La historia de la humanidad es la historia de la estulticia, y hemos de
aceptarlo así porque es tan evidente, tan palmario, que no nos queda otro
remedio. No hay, ni ha habido, papas infalibles; como no hay, ni han existido,
gobernantes justos, ni científicos en posesión de la verdad. A lo más, hay
aproximaciones, intentos, avances inevitables y alguna que otra genialidad
esporádica, muy esporádica, como sabemos todos. El conjunto humano es de una
tremenda mediocridad, y el que mata a otro en defensa de una idea es un pobre
imbécil que no alcanza a ver más allá de sus propias narices.
Esta especie de “rabieta” tiene una
explicación; una justificación, mejor. Al hacer un recorrido por el lento
caminar en pos del conocimiento, al llevar a cabo un análisis ponderado de los
avances científicos de estos últimos veinte siglos, la conclusión inevitable es
la de que el freno, el gigantesco freno del devenir humano, de su progreso, es
la intolerancia. Una intolerancia feroz, irracional, nauseabunda. Todo avance
conlleva una ruptura de la inercia, una grieta profunda en los esquemas, y es,
por tanto, desestabilizador, peligroso. Hoguera, tormento, desprecio,
descrédito, sarcasmo… cualquier cosa antes que mover las posaderas del cómodo
asiento del orden establecido. Aquel que viene a despertarnos de nuestra blanda
siesta sólo merece el infierno.
Tú, que ahora lees, también lo
mereces. Formas parte de esa turba de desestabilizadores. De alguna forma estás
planteando problemas a tus vecinos del planeta. También, de alguna forma,
tendrás el castigo que mereces. Tú buscarás, seguirás indagando, inquiriendo,
escudriñando, soñando; y cualquier noche te encontrarás solo en la angustia,
casado con ella, en un maridaje destructivo, como todos los maridajes, hasta
que la muerte os separe.
Cuanto más busques, más
te quedará por encontrar, porque los horizontes se irán expandiendo a medida
que los vayas recorriendo. El Universo es inmenso, el Cosmos es infinito, y tú
y yo somos sólo unos insectos insignificantes, perdidos entre tanta grandeza,
buscando una sencilla y simple explicación a una serie de problemas
dificilísimos y complejísimos. Qué le vamos a hacer, somos así, desgraciada o
afortunadamente. Nuestro ciclo vital es solo un flash en la historia del
Cosmos; nuestra inteligencia es una humilde neurona enloquecida perteneciente a
la inteligencia total.
Tal vez aún estés a tiempo.
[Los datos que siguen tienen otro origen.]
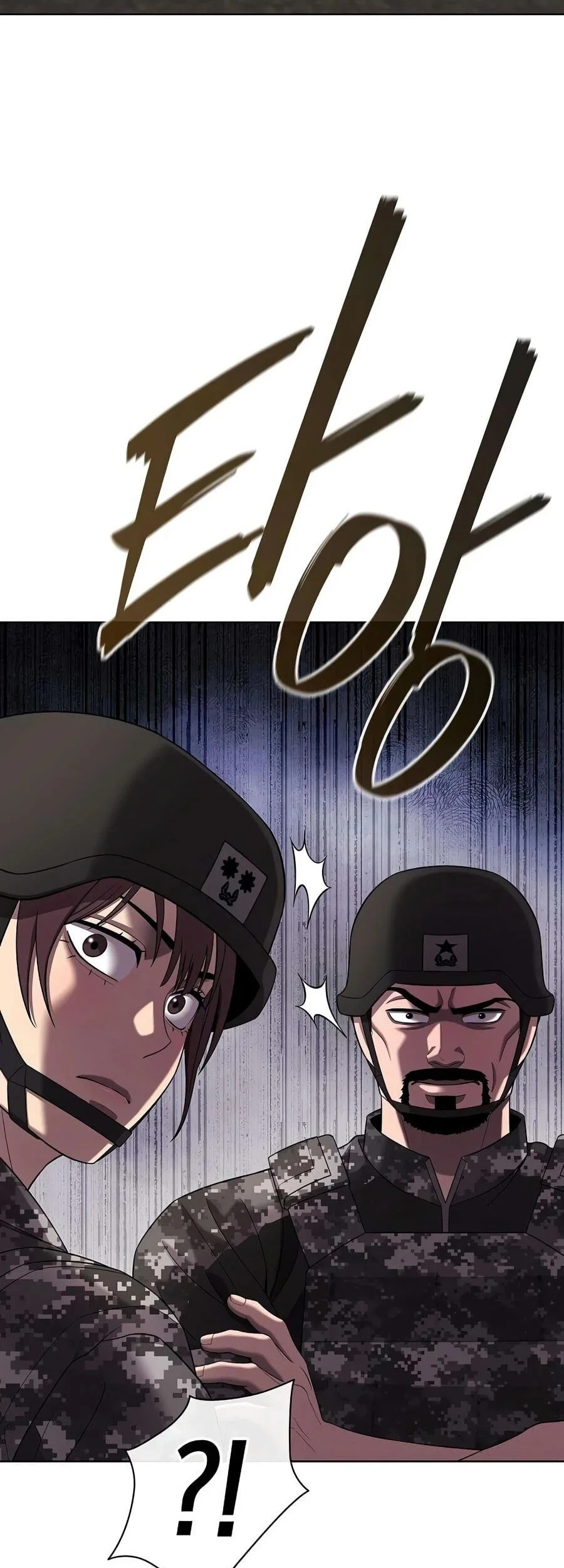 The Dark Mage’s Return to Enlistment Chapter 99 Gambar 32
Vuelve a
ese dulce engaño de que lo importante es tener respuestas. Nosotros, los
condenados, pensamos que lo vital es tener preguntas que hacerse y hacer,
aunque no existan todavía las respuestas –y quizá no existan nunca ni hayan
existido jamás-. Pero si decides seguir (…), cuídate de no opinar con voz
prestada. Busca tú mismo, y continúa buscando. Aprende a decir “no sé”, hasta
que estés totalmente seguro de algo. Y si ese día llega, piensa que estás
equivocado. No hay nada seguro.
(…) No entendemos ni el mundo físico que nos rodea ni los
mecanismos y poderes de nuestra mente, de nuestro interior. Ni conocemos lo que
pasa fuera de nosotros, ni podemos valorar los fenómenos de nuestra conciencia
ni del inconsciente. Formamos parte, mínima, insignificante, del Cosmos. Somos
microcosmos agitándonos dentro de un universo infinito del que ignoramos su génesis
y su historia millonaria; del que no comprendemos su mecánica ni podemos prever
su destino. Seguramente, diseminados por el espacio, en el interior de muchos
millones de galaxias, habrá otros seres vivos e inteligentes que se estén
planteando en este preciso momento los mismos problemas que nosotros. Y quién
sabe si alguno, ya, ha encontrado la respuesta.
Fernando Jiménez del Oso; Grandes misterios de nuestro tiempo.